Crédit photo ©Fondation Beyeler.
Située à Riehen, canton de Bâle-Ville, la Fondation Beyeler veille sur l’une des plus grandes collections d’art de la Suisse et l’un des services de conservation les plus prestigieux du monde. Sous la direction de Markus Gross, responsable de la restauration, l’équipe de conservation de la Fondation Beyeler combine approche classique et connaissances technologiques pour préserver des œuvres telles que Le Bassin aux nymphéas de Monet (circa 1917-1920), ou des pièces de Warhol, Picasso, Max Ernst, Jenny Holzer, Marlene Dumas, et bien d’autres.
Markus Gross a une idée très précise de l‘importance de la conservation et de son rôle dans l’espace culturel en général. Il affirme en effet que « l’art est une composante essentielle de notre société. En tant que musée privé, nous plaçons l’exposition et la préservation de l’art au cœur de nos activités. C’est là que l’importance de la conservation est la plus manifeste ».
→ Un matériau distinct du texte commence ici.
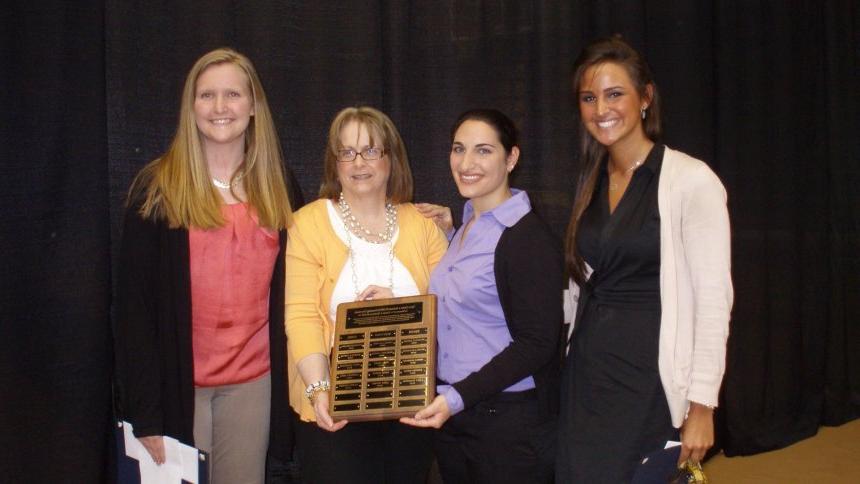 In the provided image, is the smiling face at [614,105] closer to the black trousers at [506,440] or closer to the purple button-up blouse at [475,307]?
the purple button-up blouse at [475,307]

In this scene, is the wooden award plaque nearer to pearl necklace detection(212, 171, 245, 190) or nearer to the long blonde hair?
the long blonde hair

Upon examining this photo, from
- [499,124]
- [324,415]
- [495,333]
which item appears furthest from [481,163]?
[324,415]

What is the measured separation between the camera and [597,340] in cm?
180

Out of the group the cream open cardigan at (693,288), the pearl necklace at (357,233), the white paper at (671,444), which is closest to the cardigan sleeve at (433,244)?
the pearl necklace at (357,233)

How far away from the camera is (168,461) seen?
6.07 feet

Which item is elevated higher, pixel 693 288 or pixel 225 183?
pixel 225 183

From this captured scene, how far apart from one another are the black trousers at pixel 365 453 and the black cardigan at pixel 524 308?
281mm

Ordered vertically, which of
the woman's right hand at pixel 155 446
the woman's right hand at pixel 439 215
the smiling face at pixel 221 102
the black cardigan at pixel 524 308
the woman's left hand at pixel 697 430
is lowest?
the woman's right hand at pixel 155 446

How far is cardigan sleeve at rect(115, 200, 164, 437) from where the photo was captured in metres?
1.88

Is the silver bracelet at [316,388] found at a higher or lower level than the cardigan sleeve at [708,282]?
lower

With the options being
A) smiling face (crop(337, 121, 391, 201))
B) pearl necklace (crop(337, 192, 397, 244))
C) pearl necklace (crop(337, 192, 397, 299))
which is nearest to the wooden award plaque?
pearl necklace (crop(337, 192, 397, 299))

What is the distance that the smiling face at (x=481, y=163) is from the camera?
1.88 meters

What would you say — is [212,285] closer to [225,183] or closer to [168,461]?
[225,183]

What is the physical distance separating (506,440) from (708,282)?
0.64 m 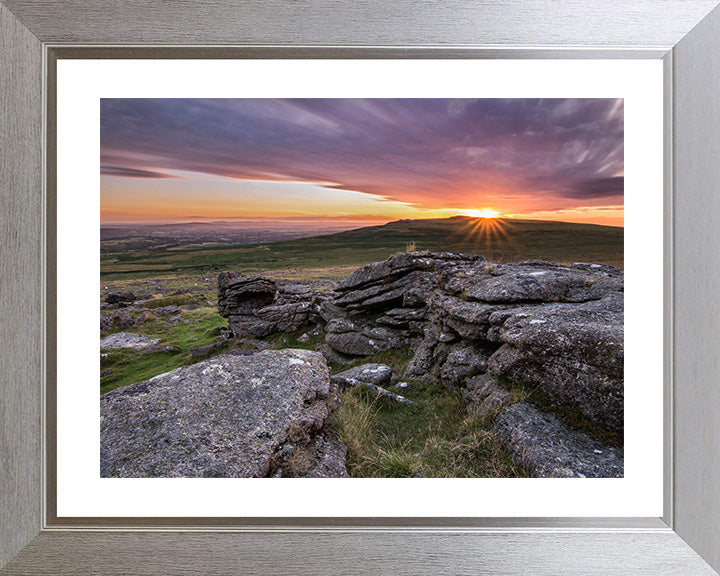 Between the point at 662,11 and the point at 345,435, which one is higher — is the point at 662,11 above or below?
above

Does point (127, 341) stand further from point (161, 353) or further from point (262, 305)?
point (262, 305)

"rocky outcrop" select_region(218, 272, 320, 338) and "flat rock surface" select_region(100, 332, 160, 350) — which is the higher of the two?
"rocky outcrop" select_region(218, 272, 320, 338)

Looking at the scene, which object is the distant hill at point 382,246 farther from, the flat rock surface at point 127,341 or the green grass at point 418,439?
the green grass at point 418,439

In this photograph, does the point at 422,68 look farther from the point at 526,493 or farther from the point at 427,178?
the point at 427,178

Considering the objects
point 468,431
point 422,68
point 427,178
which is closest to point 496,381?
point 468,431

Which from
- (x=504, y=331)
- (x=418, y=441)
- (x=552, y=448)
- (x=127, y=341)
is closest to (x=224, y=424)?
(x=418, y=441)

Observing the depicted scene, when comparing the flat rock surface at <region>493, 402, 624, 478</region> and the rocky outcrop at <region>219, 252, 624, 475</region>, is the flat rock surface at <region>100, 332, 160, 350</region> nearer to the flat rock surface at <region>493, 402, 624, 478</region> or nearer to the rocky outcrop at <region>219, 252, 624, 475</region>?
the rocky outcrop at <region>219, 252, 624, 475</region>

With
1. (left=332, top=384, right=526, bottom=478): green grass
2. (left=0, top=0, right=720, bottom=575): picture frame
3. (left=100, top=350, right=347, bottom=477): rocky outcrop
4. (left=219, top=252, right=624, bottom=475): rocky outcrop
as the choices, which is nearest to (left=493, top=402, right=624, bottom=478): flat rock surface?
(left=219, top=252, right=624, bottom=475): rocky outcrop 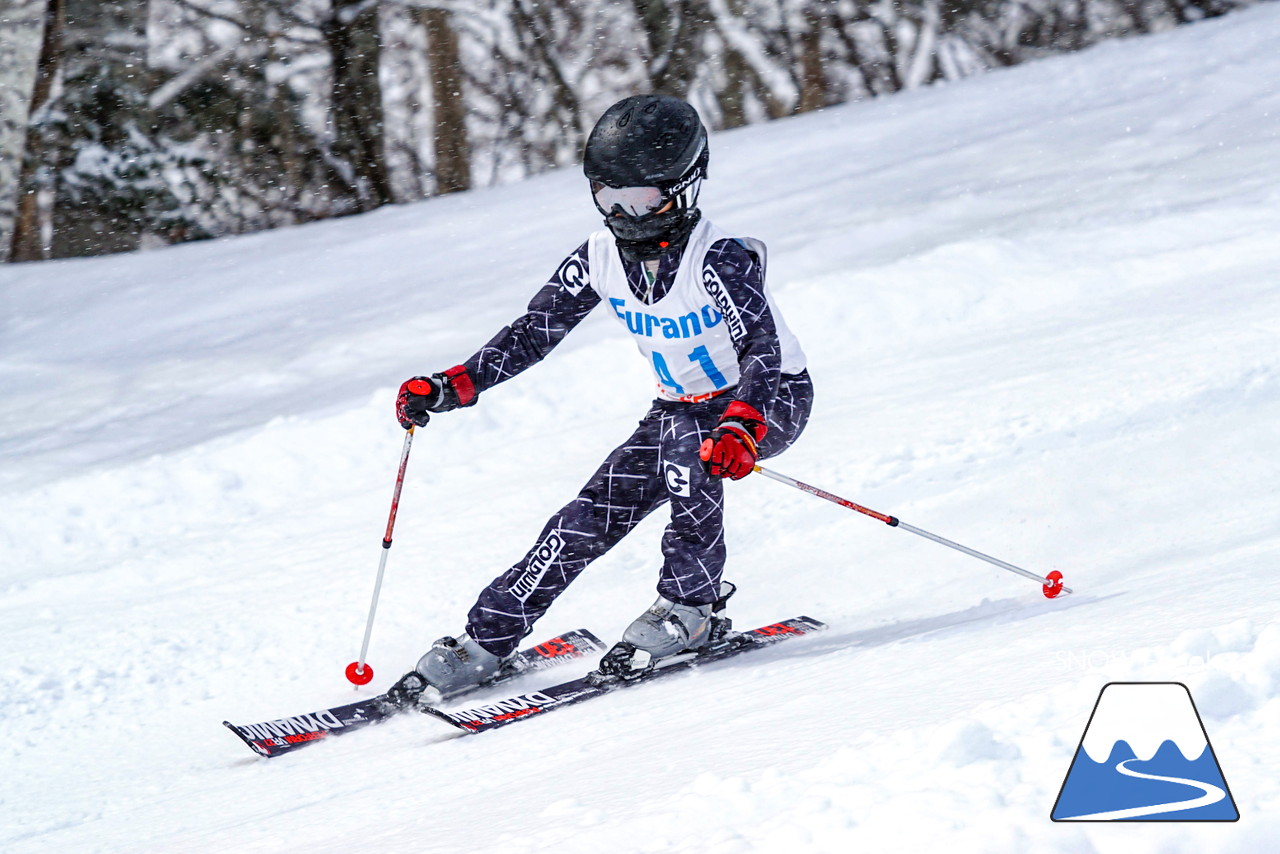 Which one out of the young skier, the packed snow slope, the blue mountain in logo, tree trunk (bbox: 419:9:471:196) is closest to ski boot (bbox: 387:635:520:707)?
the young skier

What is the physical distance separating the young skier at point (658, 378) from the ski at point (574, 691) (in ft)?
0.17

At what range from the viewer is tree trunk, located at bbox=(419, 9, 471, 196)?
1252 cm

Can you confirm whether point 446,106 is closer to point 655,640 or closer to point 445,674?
point 445,674

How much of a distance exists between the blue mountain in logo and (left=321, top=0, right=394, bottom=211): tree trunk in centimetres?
1239

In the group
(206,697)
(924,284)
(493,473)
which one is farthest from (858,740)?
(924,284)

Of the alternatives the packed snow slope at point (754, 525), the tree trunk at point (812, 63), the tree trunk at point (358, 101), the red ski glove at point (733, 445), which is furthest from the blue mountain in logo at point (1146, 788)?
the tree trunk at point (812, 63)

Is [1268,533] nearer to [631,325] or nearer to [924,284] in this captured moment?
[631,325]

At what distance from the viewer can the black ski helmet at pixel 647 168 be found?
11.0 ft

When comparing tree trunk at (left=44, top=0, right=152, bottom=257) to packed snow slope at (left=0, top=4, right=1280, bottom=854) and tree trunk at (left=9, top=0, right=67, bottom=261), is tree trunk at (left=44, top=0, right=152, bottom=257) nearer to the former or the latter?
tree trunk at (left=9, top=0, right=67, bottom=261)

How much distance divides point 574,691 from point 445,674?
0.42 meters

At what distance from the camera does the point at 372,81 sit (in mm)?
12977

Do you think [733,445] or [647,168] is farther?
[647,168]

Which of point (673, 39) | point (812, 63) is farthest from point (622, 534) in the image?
point (812, 63)

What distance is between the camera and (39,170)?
39.5 ft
La fonction de conservateur s’accompagne de son lot de difficultés et d’obstacles à surmonter. Chaque œuvre que la Fondation Beyeler est chargée de conserver est unique. À ce titre, toutes présentent des problématiques de rangement, d’exposition, de manutention et de création qui leur sont propres. Une approche réactive est requise afin de rendre justice à l’œuvre et à l’artiste. Comme l’explique Markus Gross, « le plus grand défi est de ne jamais oublier l’intention de l’artiste et de préserver cette intention pour le public actuel et futur. Cela nécessite une démarche à plusieurs facettes de conservation, préservation, documentation et contrôle permanent ». Récemment, la Fondation Beyeler a travaillé sur des œuvres réalisées dans de multiples matériaux par différents artistes, tels qu’Henri Rousseau, Pablo Picasso, Henri Matisse, Andy Warhol et Philippe Parreno, et fait appel à un large éventail de techniques et d’approches qui ont montré leur efficacité.
Si certaines méthodes de conservation sont restées inchangées au fil des années, quantité de découvertes technologiques, notamment des analyses détaillées, des procédés d’imagerie multispectrale ou des méthodes de microscopie avancées, ont permis à la profession de faire des progrès considérables. « Les technologies et techniques ont évolué », poursuit Markus Gross, « et nous avons ici à la Fondation Beyeler la grande chance de pouvoir examiner ces œuvres minutieusement et en profondeur. Cela nous permet d’identifier les problématiques individuelles que nous devons traiter pour une conservation réussie ».
C’est cette ingéniosité et cette approche individualisée de chaque œuvre, aussi unique que la vision de l’artiste, qui a forgé la réputation d’excellence du service de conservation de la Fondation Beyeler dans le monde entier. En affûtant les compétences et techniques qui assurent la préservation de ces trésors artistiques pour les générations à venir, Markus Gross et son équipe ne se contentent pas de restaurer ces œuvres d’art. Ils freinent la marche du temps.